#### TASK INSTRUCTIONS
Exactly reproduce the entries, dropping any pictures from your copy.

(DATA FOR THE TASK)

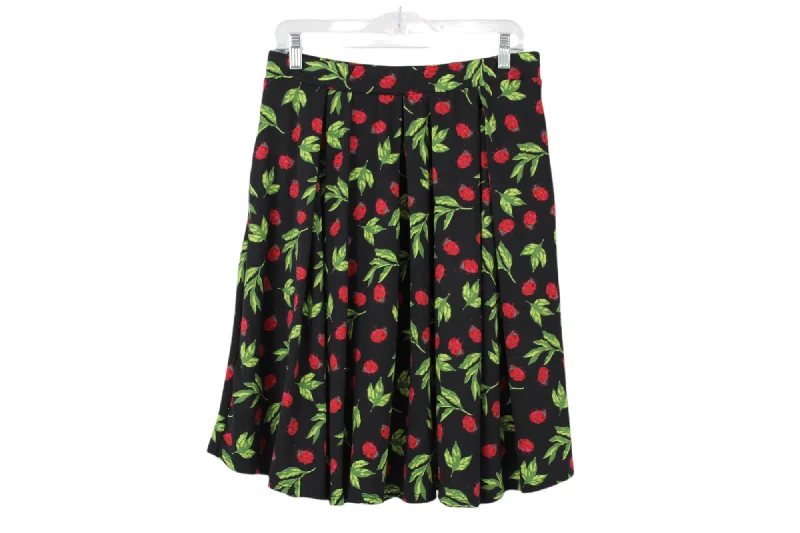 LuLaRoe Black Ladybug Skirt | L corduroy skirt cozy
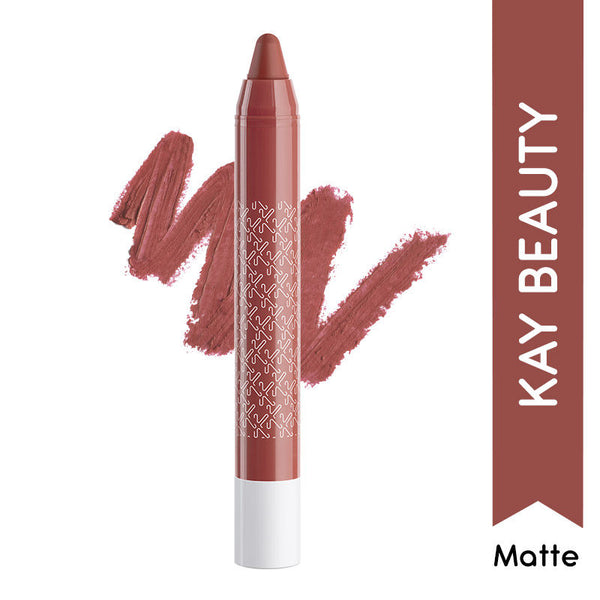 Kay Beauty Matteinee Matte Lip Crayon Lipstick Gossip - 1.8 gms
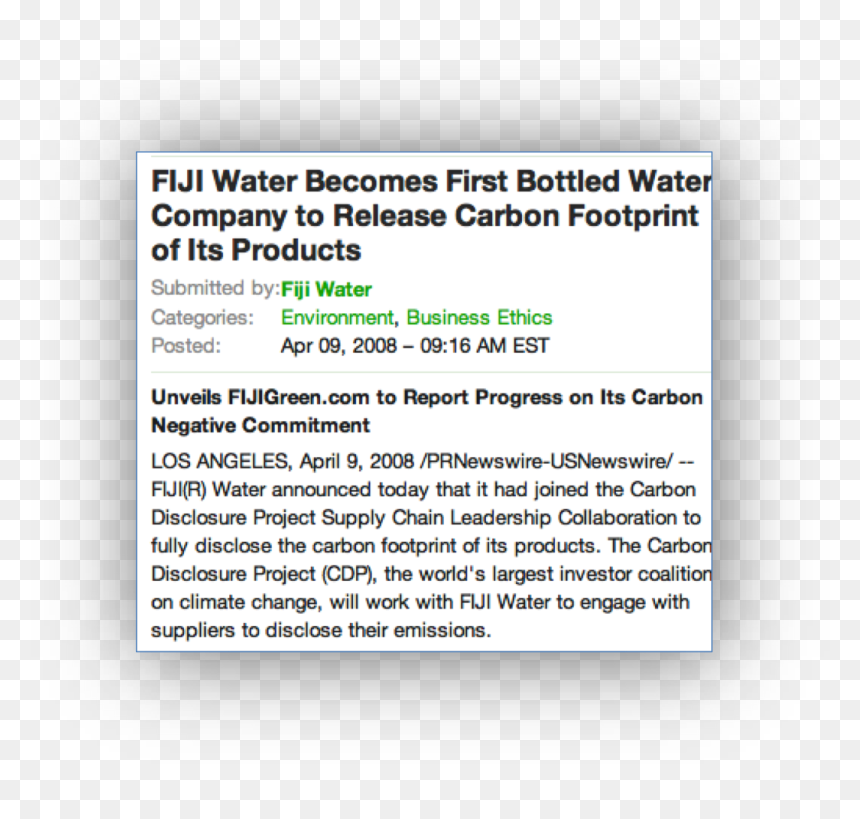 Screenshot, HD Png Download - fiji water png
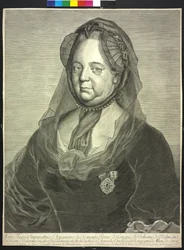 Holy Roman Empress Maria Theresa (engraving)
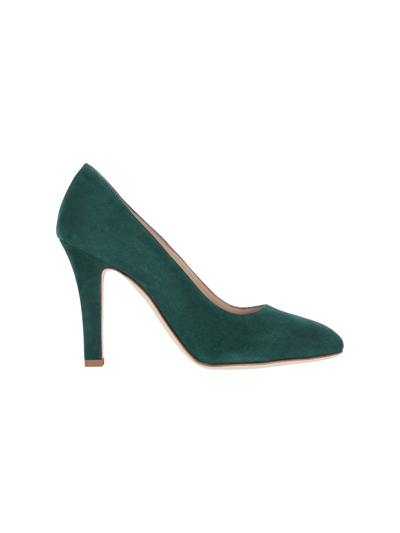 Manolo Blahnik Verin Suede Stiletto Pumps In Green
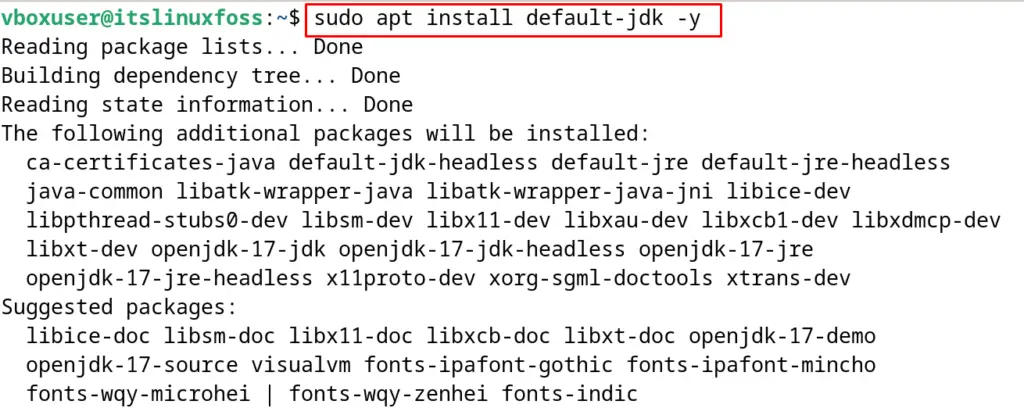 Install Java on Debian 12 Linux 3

(End DATA FOR THE TASK)

#### ANSWER SPACE
 LuLaRoe Black Ladybug Skirt | L corduroy skirt cozy
 Kay Beauty Matteinee Matte Lip Crayon Lipstick Gossip - 1.8 gms
 Screenshot, HD Png Download - fiji water png
 Holy Roman Empress Maria Theresa (engraving)
 Manolo Blahnik Verin Suede Stiletto Pumps In Green
 Install Java on Debian 12 Linux 3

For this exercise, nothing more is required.